From the line containing "Larger pieces have" to the line containing "In fact, according" in the entries below, reproduce every line exactly, ends included. Nothing else belongs in the copy, and no pictures.

[[ Information, beginning ]]

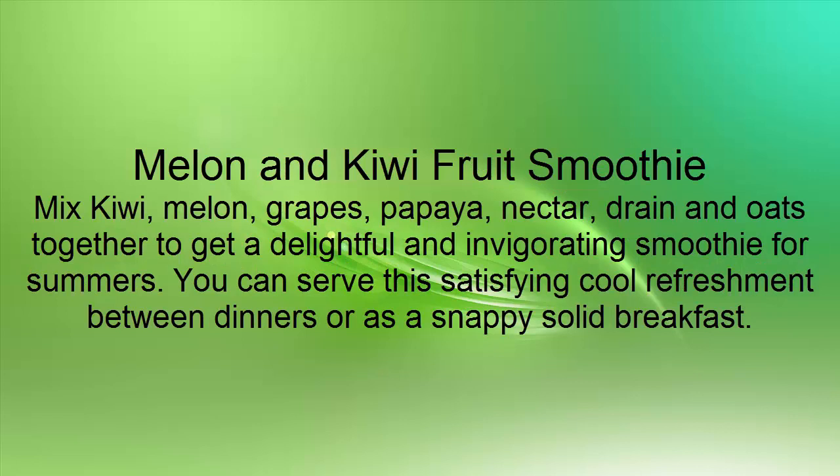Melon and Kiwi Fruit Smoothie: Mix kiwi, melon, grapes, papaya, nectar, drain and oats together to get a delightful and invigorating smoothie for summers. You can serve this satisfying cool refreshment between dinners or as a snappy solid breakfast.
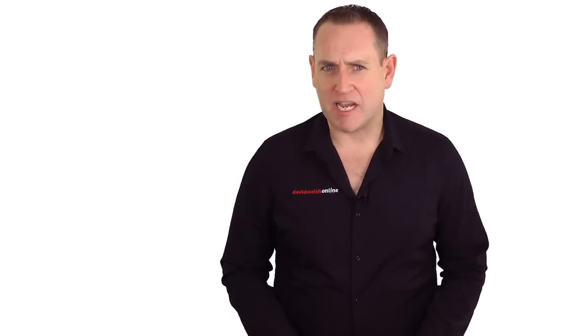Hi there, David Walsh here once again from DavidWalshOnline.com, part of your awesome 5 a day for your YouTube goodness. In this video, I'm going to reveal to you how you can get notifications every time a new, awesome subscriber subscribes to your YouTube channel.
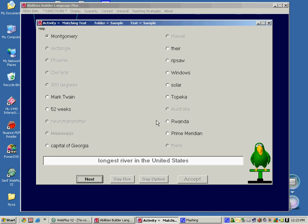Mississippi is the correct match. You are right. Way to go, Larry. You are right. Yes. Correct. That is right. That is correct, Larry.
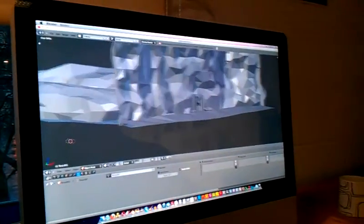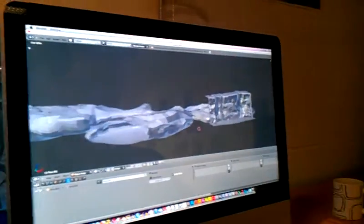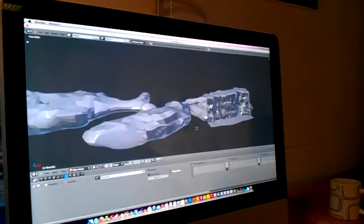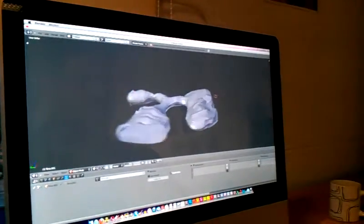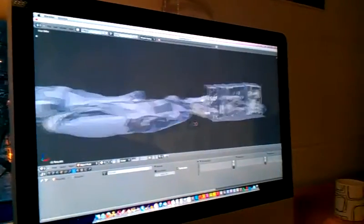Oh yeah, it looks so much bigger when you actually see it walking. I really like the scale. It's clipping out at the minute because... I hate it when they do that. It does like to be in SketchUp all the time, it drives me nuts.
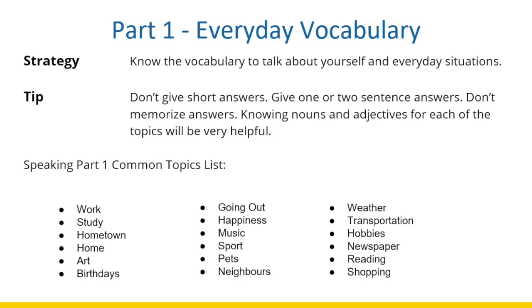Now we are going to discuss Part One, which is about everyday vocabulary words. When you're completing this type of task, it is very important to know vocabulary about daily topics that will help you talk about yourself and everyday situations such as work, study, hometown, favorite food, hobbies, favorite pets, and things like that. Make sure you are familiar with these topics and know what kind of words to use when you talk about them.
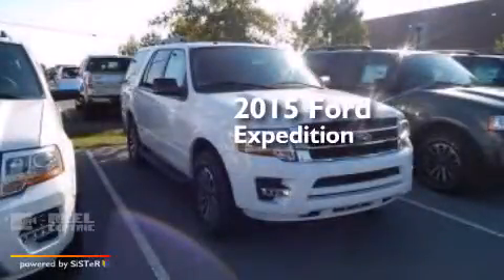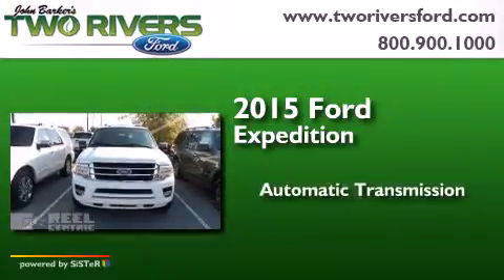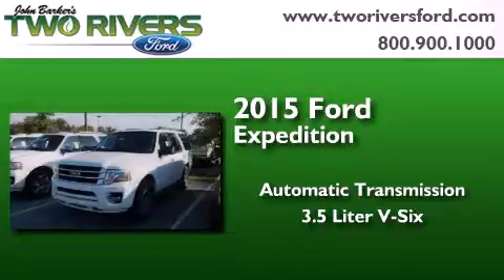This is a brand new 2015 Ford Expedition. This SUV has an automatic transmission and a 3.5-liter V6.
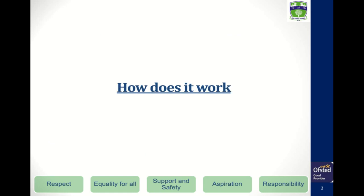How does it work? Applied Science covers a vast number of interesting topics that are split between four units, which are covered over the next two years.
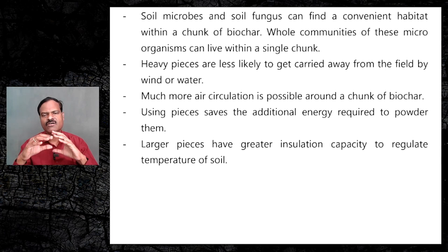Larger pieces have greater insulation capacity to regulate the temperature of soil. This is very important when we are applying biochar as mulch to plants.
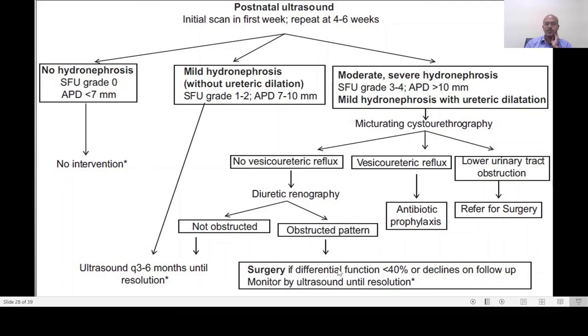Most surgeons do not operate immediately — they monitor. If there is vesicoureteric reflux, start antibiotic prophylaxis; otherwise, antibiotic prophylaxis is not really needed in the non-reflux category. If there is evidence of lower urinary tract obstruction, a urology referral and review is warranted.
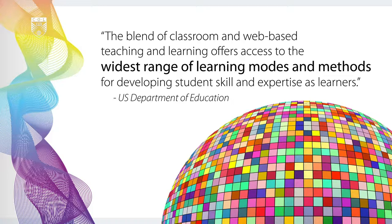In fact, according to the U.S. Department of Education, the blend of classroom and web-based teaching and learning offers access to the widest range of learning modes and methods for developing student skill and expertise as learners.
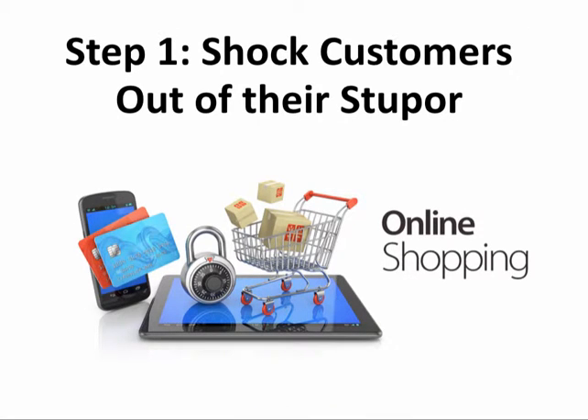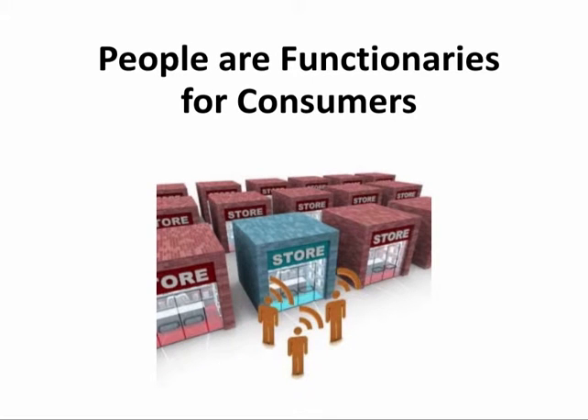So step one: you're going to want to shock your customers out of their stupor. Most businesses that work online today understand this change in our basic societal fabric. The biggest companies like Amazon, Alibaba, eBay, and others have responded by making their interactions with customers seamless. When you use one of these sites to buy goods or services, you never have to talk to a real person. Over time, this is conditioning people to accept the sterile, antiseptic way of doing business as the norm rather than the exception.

[[ Information, end ]]

:: Response below ::
Larger pieces have greater insulation capacity to regulate the temperature of soil. This is very important when we are applying biochar as mulch to plants.
Most surgeons do not operate immediately — they monitor. If there is vesicoureteric reflux, start antibiotic prophylaxis; otherwise, antibiotic prophylaxis is not really needed in the non-reflux category. If there is evidence of lower urinary tract obstruction, a urology referral and review is warranted.
In fact, according to the U.S. Department of Education, the blend of classroom and web-based teaching and learning offers access to the widest range of learning modes and methods for developing student skill and expertise as learners.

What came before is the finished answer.